The Norwegian stock producer Grodas Rifle Stock (GRS) make some of the most innovative solution when it comes to aftermarked stocks. As you have seen the most important features have already been mentioned by Jan Hüffmeier, but I would like to comment on some of the other good points about this rifles stock Firstly, they are made of the very sturdy stratabond laminate, which will be able to take a lot of beating, and keep its shape in every kind of condition - hot or cold, damp or dry. This means that you can trust the zeroing of the rifles, because the stock is not going to warp at all.
No chequering at all on the stock is something you have to get accustomed to, but it really makes no difference at all, and it is so much easier to keep clean and oil when needed. Secondly, the design of the handle is also somewhat unusual, as the handle itself is big and a bit 'of centre' towards the shooting hand.
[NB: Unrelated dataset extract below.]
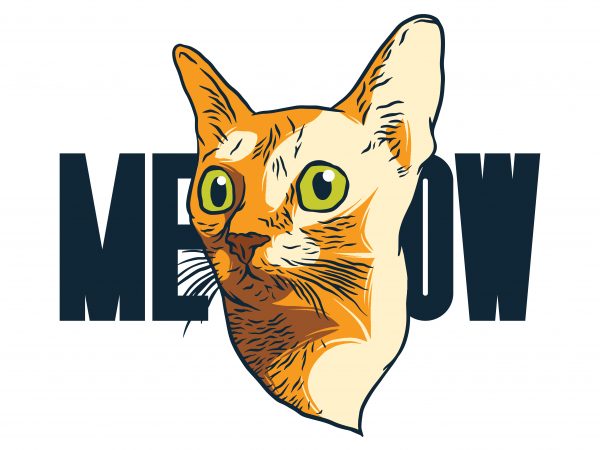 Сat head. meow. vector t-shirt design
This provides the shooter with a solid grip and the ability to raise the elbow further up, but the thumb need to rest more pointing upwards than on traditional stocks. At first it feels awkward, but once accustomed to, you get a very good control of the rifle. Particularly so when you are shooting standing up, just as on moving targets as we love here in Scandinavia, but certainly also on a traditional ‘treibjagd’.
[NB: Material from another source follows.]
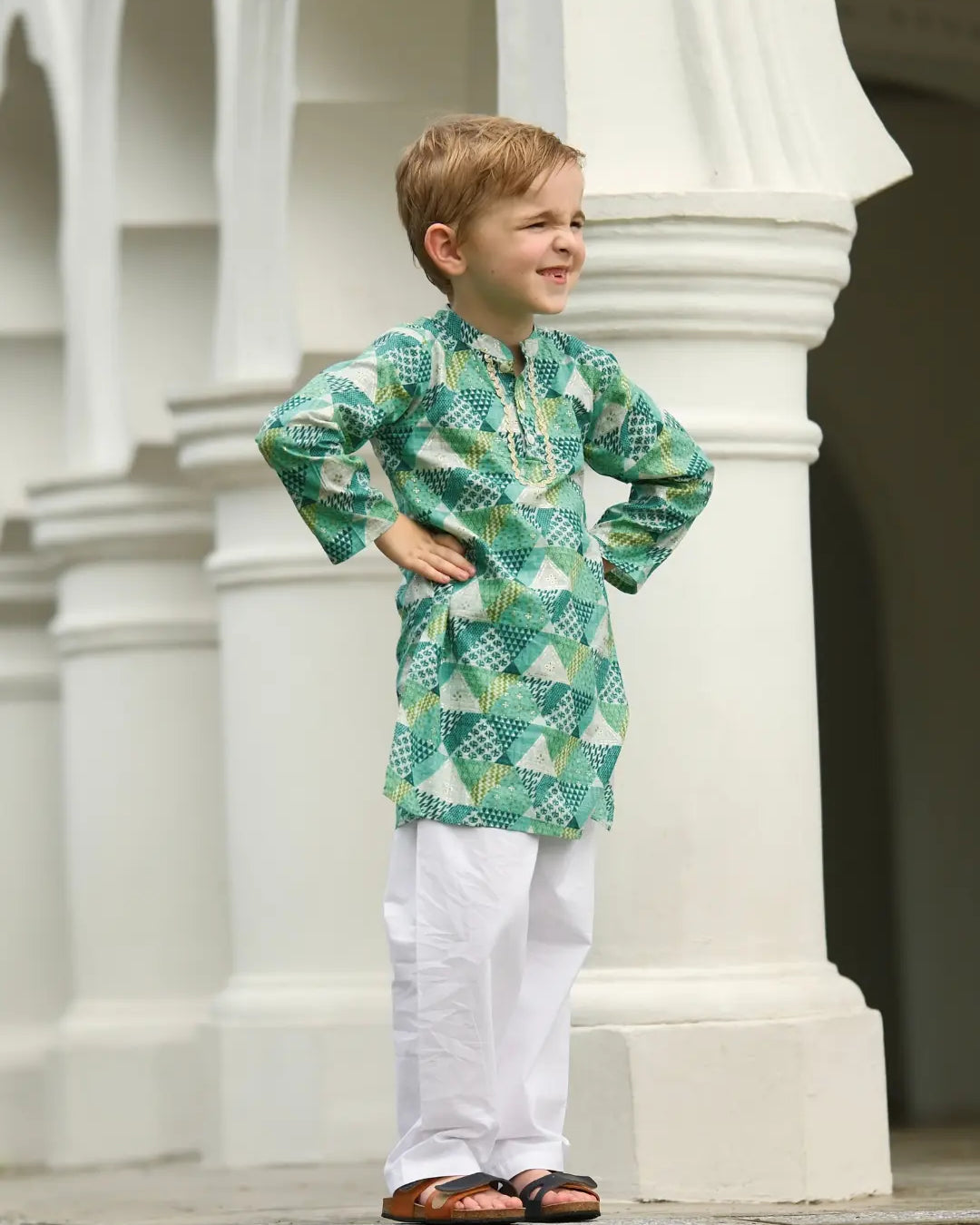 Mehak Blue Boys Kurta Pajama in Cotton Nimbu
Furthermore, because the hand is positioned as it is, the repeating of the rifle for a second shot becomes easier – the ergonomics are certainly one of the best I have experienced I this regard. Thirdly, the design itself; it looks what it is – a genuine shooting machine! I know this might fall completely of the preference of many continental hunters, but thank Wotan for no silly woodcarvings or superfluous golden inlays. Just plane precise shooting. So, if you are looking for a stock to improve your shooting, and one that catches the eye of many fellow shooters and hunters, the GRS is well worth the money.
Excellent reveiw!! For what Kind of shooting do you use it mostly?
And which Modell is it exactly?
I use it mostly for precision shooting and jagd-parcours, so I chose the Sporter model. If I should use it more for hunting, which I seldom do now, I would recommend the Decima Sporter, which is a somewhat lighter version, but with the same features.
and (needless to say) chambered in the venerable 6.5x55!